■ Problem to solve ■
What are the lines, written out exactly, from the one containing "Bouncer Bliss Dusty" to the end of the entries below? Include both ends and nothing more.

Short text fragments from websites
%%

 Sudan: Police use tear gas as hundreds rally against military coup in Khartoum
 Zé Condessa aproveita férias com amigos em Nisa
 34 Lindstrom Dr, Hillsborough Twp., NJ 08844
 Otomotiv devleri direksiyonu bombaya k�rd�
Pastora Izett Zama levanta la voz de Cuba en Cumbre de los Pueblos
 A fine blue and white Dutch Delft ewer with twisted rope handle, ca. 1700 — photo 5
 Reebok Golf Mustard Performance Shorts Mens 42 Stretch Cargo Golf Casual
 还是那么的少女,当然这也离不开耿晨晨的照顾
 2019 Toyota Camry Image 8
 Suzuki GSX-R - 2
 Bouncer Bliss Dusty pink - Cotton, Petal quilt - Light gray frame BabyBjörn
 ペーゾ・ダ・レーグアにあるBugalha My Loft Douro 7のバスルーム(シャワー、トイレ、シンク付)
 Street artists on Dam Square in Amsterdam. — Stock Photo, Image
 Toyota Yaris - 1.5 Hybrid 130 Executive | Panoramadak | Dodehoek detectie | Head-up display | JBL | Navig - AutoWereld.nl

%%

■ Answer below ■
 Bouncer Bliss Dusty pink - Cotton, Petal quilt - Light gray frame BabyBjörn
 ペーゾ・ダ・レーグアにあるBugalha My Loft Douro 7のバスルーム(シャワー、トイレ、シンク付)
 Street artists on Dam Square in Amsterdam. — Stock Photo, Image
 Toyota Yaris - 1.5 Hybrid 130 Executive | Panoramadak | Dodehoek detectie | Head-up display | JBL | Navig - AutoWereld.nl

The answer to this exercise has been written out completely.